*Items from a dataset*.
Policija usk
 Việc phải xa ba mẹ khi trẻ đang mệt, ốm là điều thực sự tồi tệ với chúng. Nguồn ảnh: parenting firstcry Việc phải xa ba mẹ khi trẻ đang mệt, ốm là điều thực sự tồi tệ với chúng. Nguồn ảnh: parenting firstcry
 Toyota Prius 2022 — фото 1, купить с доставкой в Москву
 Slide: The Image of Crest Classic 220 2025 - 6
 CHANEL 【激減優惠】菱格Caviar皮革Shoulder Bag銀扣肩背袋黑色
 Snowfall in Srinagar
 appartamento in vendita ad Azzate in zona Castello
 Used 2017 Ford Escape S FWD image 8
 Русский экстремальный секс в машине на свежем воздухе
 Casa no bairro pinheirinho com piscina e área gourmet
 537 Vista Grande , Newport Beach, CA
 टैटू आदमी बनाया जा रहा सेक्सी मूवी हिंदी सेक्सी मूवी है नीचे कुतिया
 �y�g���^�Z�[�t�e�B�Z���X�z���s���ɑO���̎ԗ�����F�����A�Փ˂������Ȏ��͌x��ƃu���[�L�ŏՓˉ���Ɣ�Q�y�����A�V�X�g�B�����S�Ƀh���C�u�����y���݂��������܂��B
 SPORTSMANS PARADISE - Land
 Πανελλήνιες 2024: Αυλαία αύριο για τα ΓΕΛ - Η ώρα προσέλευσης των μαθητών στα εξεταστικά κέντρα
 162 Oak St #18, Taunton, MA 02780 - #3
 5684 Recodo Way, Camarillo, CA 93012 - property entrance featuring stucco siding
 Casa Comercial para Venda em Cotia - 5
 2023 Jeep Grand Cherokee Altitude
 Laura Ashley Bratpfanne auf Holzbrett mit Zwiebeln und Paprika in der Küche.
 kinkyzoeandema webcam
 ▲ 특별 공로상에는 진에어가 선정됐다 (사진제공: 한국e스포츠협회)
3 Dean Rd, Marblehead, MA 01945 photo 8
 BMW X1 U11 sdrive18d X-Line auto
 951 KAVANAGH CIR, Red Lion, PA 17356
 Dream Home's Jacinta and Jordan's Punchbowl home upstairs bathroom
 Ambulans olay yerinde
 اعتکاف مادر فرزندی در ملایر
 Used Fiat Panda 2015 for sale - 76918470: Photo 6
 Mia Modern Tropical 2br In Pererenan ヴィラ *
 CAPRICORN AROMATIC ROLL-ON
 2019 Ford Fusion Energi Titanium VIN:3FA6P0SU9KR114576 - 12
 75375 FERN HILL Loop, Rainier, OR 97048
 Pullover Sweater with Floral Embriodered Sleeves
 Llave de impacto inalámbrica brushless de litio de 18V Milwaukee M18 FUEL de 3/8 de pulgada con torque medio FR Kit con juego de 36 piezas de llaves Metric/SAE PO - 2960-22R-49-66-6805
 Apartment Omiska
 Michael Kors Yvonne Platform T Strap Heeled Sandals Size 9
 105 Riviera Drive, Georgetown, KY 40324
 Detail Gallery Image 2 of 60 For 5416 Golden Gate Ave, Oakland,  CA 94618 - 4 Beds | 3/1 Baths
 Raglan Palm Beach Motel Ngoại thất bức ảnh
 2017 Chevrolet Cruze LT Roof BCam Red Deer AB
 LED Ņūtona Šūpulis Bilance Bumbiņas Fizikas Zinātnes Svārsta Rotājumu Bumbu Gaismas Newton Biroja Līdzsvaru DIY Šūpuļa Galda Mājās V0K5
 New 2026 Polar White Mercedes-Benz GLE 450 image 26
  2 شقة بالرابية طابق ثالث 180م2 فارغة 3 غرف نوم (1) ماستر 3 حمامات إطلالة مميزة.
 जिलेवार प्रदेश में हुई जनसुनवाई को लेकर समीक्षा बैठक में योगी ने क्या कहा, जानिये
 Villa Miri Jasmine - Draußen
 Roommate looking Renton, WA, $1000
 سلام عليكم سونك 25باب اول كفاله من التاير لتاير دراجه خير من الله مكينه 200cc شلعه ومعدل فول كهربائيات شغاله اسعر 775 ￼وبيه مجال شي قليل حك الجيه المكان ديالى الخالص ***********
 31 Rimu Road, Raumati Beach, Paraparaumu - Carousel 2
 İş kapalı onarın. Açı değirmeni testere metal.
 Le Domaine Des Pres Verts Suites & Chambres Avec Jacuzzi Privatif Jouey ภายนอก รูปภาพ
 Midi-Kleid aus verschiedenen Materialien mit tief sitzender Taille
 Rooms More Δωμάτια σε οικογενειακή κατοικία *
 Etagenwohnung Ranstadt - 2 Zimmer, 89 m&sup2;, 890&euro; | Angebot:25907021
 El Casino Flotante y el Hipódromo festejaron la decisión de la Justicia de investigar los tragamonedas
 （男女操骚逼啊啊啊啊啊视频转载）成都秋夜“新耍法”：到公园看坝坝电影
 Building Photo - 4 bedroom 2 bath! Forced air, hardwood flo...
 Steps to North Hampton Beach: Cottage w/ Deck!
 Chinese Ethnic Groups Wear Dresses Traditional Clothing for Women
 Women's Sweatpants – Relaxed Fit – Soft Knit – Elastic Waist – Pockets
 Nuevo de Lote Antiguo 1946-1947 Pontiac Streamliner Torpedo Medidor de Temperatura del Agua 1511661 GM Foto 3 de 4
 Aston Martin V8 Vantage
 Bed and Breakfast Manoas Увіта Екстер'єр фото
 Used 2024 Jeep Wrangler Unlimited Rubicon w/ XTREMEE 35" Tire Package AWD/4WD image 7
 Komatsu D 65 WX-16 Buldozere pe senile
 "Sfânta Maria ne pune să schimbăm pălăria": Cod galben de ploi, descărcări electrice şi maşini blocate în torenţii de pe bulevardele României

*Directions for this task*. Would you print exactly, and only, the lines of the data above from the line with "162 Oak St #18, Taunton, MA 02780 - #3" through the line with "Laura Ashley Bratpfanne", inclusive?

*Exercise response*.
 162 Oak St #18, Taunton, MA 02780 - #3
 5684 Recodo Way, Camarillo, CA 93012 - property entrance featuring stucco siding
 Casa Comercial para Venda em Cotia - 5
 2023 Jeep Grand Cherokee Altitude
 Laura Ashley Bratpfanne auf Holzbrett mit Zwiebeln und Paprika in der Küche.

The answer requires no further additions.